• [What the task asks]: Using the listing below, print the line containing "Textured blanket with", the line containing "Modern gravity hot", and each line between them, exactly and nothing else. Pictures stay out of the print.

• [Exercise inputs]:
☆ ☆ ☆ ☆ ☆
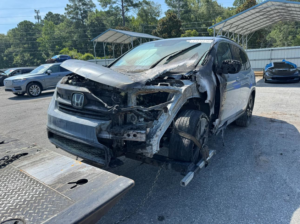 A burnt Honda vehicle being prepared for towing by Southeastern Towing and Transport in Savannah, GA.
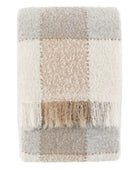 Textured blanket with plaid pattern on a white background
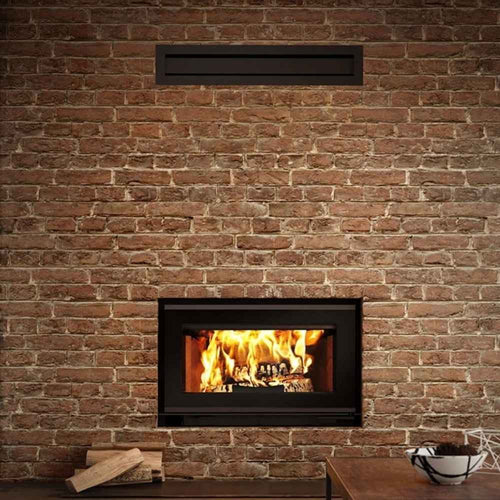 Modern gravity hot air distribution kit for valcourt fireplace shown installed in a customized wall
☆ ☆ ☆ ☆ ☆
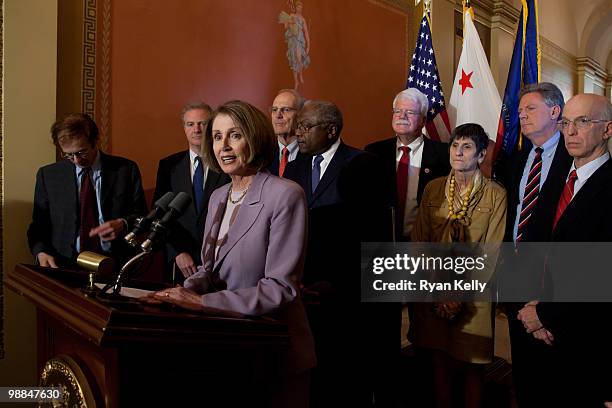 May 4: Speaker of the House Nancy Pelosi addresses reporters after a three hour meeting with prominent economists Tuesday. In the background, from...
☆ ☆ ☆ ☆ ☆
• [Reply]:
 Textured blanket with plaid pattern on a white background
 Modern gravity hot air distribution kit for valcourt fireplace shown installed in a customized wall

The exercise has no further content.